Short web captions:
──────────

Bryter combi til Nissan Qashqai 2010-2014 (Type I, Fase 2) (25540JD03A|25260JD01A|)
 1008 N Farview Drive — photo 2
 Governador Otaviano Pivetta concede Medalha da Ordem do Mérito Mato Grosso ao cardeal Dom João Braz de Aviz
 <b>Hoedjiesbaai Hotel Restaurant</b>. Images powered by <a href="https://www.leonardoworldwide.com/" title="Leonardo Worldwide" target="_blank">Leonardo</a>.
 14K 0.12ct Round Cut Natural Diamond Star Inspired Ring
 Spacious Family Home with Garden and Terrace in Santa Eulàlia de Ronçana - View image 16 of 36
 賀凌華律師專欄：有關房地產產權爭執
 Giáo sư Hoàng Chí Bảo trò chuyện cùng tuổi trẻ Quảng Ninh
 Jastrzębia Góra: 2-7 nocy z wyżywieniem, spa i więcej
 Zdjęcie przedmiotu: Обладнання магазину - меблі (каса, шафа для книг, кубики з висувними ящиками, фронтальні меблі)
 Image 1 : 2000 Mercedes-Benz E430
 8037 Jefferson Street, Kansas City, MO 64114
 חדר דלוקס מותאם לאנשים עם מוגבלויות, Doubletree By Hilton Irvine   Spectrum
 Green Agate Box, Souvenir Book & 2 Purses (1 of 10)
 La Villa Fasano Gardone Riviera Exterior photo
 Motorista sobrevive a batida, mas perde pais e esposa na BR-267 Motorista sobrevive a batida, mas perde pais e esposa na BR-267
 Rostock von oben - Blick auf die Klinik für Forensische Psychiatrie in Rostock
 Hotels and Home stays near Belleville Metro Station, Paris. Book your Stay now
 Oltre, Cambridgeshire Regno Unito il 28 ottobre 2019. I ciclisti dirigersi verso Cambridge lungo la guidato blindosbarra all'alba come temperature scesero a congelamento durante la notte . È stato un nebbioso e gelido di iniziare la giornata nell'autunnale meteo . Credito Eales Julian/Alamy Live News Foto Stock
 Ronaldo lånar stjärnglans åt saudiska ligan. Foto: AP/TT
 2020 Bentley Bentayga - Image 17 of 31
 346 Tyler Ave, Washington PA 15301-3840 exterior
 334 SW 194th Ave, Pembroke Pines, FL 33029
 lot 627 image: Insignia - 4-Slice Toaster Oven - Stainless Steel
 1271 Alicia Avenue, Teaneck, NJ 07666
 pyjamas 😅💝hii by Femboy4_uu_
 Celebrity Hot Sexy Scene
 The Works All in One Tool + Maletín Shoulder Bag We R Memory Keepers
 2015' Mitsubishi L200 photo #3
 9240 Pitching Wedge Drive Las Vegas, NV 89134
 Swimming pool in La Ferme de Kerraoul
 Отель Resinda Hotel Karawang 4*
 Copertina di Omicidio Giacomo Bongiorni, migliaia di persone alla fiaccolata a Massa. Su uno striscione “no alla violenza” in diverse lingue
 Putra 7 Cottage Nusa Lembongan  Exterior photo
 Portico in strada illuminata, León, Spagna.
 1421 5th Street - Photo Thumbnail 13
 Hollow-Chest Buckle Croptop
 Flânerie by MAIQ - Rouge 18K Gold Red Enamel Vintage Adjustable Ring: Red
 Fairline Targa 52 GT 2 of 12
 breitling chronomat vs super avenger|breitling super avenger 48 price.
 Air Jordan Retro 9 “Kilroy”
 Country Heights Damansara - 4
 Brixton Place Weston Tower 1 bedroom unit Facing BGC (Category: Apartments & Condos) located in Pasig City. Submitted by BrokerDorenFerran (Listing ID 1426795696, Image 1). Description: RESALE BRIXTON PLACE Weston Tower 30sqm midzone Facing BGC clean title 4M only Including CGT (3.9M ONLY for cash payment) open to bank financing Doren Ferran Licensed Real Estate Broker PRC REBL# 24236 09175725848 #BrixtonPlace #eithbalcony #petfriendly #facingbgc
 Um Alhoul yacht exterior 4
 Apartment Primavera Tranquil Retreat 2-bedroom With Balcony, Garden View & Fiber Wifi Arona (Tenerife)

──────────

**Task to carry out:** Check every line above for the string "Home" and copy those that have it.

**Solution for this problem:**
 Spacious Family Home with Garden and Terrace in Santa Eulàlia de Ronçana - View image 16 of 36
 Hotels and Home stays near Belleville Metro Station, Paris. Book your Stay now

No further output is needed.